オークションに流れる車輌には、最高の状態のモノは案外少ないのです。ですから、良い車輌をコンスタントに仕入れているショップは現地に信頼できる人脈を持っていることがほとんど。本当に良い車輌はオークションにはあまり出回らず、仲間内で車輌のやりとりをすることが多いのが現実です。そういったネットワークにツテがないと本当にいい車輌に出会えることは少ないでしょう。これはアメリカに限った話ではなく、日本国内でも同じ。ハーレーや他のバイク、車の世界でもいいモノは一般にはなかなか出回らないものなのです。また、ショベルを海外に出すことに抵抗を感じる人が多いのも、良いショベルを探すのが難しい理由の1つです。例えば日本国内の美術品が海外にどんどん流出していたら、私たちも嫌な気分になるでしょう。それと同じ感覚なのかもしれません。海外に出すのはそれなりの程度。本当に良い車輌は手元に置いておく、そういうことは確かにあります。悪質な例になると、「フルストック」と言いながら純正以外のパーツが組み込まれていたり、「エンジン絶好調」と言いながらしばらく走ると不調がでてくる車輌を掴まされたりすることもあるので注意が必要です。ショップが仕入れる場合でも、現地で車輌を確認できるわけではありませんのでハズレを引いてしまうことがあるのです。ただし、長い時間をかけて人間関係を築いてきたショップの中には、アメリカから出物を引っ張れるショップはあります。 調子が良いショベルとは…

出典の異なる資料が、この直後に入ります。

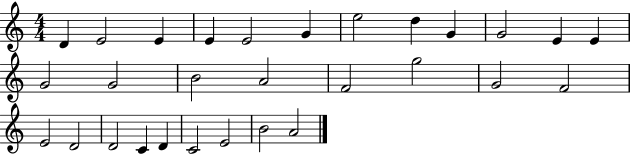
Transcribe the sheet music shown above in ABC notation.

X:1
T:Untitled
M:4/4
L:1/4
K:C
D E2 E E E2 G e2 d G G2 E E G2 G2 B2 A2 F2 g2 G2 F2 E2 D2 D2 C D C2 E2 B2 A2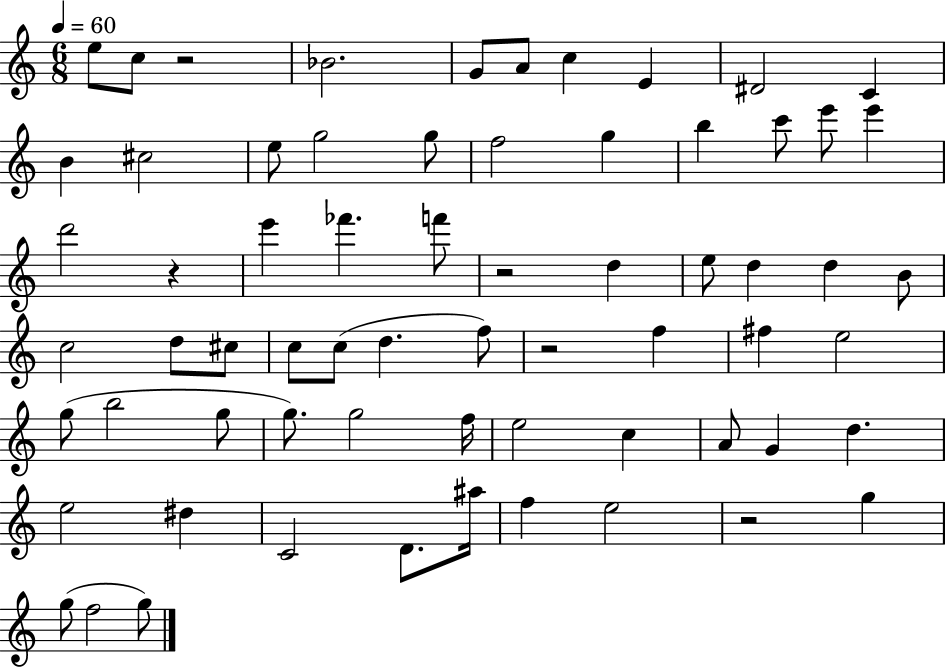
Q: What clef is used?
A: treble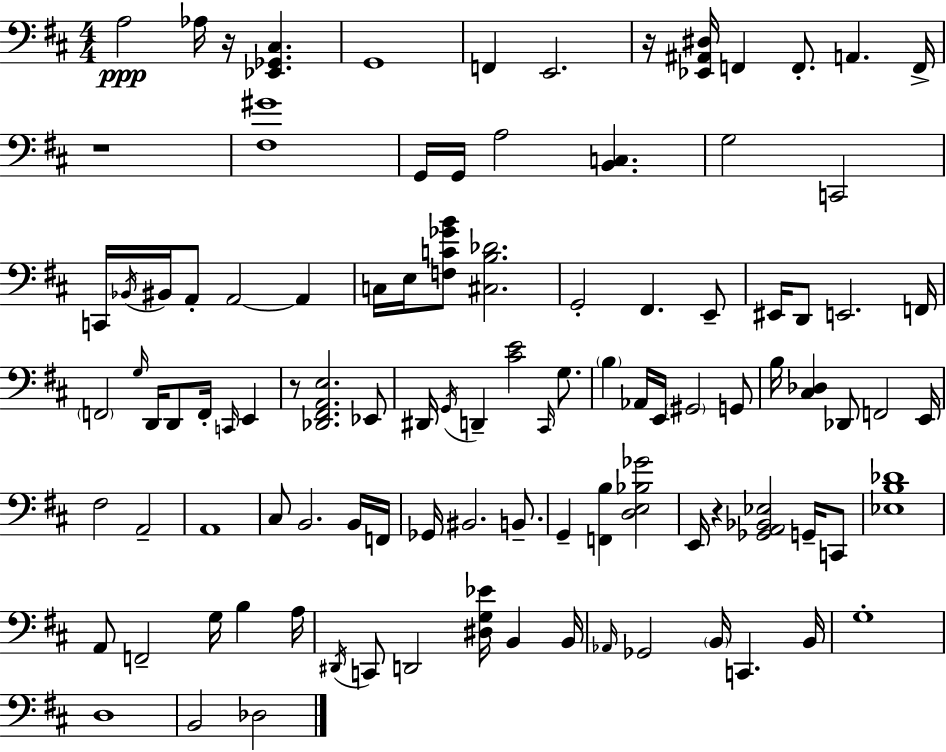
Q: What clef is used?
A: bass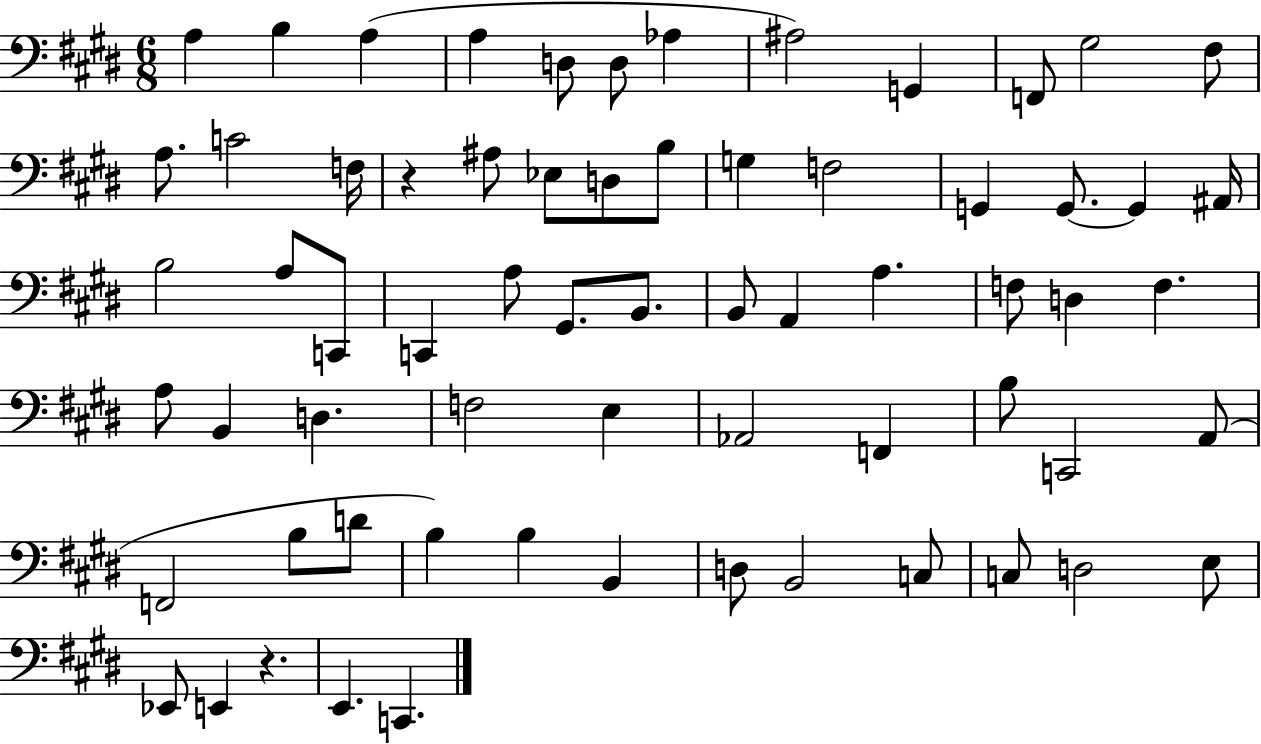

また長期放置の車輌であっても、どこのショップで整備をされていたのかわかれば不安要素が減ることがあります。ショベルが現役、もしくはエボに代わって間もない頃はショベルの整備に長けたメカニックが少なからず存在していました。クリアランスの管理など、マニュアルの数値だけでは調子を維持できないのがショベルです。確かな経験と技術で整備されていた車輌がそのまま残っていれば…少々外観が傷んでいても問題ありません。長期間放置されていた車輌を復活させる方が、怪しい車輌を掴まされるより手がかからないこともあるのです。
海外から仕入れや長期放置の車輌など、珍しい例ばかり紹介しましたが、それ以上の台数が流通しているのは日本国内で何人ものオーナーを経て販売されている車輌でしょう。歴代オーナーがどんなメンテナンスをしてきたのか、どんなメカニックに整備をされてきたのか、それによって車輌の状態は変わってきます。最近は純正のままで乗られている車輌が増えていますが、フレームまで手を入れているようなカスタム車輌もあるので、購入の際はカスタム内容について尋ねた方がいいでしょう。あまりにやり過ぎた車輌だと車検が取れないこともあるようなので注意が必要です。また、見た目にはストックでもエンジン内部に社外パーツが組み込まれている車輌も珍しくありません。すべてが純正パーツのままの車輌を探すのは、最近では難しくなっていますが、エンジンパーツはできるだけ純正が望ましいでしょう。社外パーツだからと言って一概に否定はしませんが、丈夫な純正パーツと品質に劣る社外パーツがエンジン内部で一緒に使われていると…純正パーツ同士では起こりえない磨耗が進むこともあります。特に基幹パーツに関してはできるだけ純正にこだわった方が、少ないリスクでショベルを楽しむことができるでしょう。 誰に整備をしてもらうのか
しかし、独学で技術を習得しようとすると参考になるのはマニュアルだけ。注意深くマニュアルを見ていれば数値がおかしい点などに気づくかもしれませんが…。ショベルが現役の当時は、講習でマニュアルの間違いの指摘や記載されていない作業の際の注意点、仕様変更が行われた理由などの説明がありました。こういったことが次世代にどれだけ伝わっていくのか、少々心配です。独学で学んでいる人がいる昨今の状況を見ると、知識や技術の伝承が進んでいないように思えます。エボやツインカムはショベルに比べると学びやすいエンジンです。数値管理を徹底すれば調子を維持できるでしょう。しかし、ショベルは違います。試行錯誤の末に開発されたエンジンで、今のような精度の高い工作機械はありませんでした。ですから、メカニックに求められる経験や技術はエボ以降のエンジンとは違ったものが必要なのです。ショベルは何十年も前に設計されたエンジンです。オイルの流れる仕組みや冷却方法も古い技術が採用されています。そういったエンジンがどのような仕組みになっているのか、それぞれの部品がどのような役割を担っているのか、それを知った上で触ってやらないと、思いもよらぬトラブルが起こってしまうでしょう。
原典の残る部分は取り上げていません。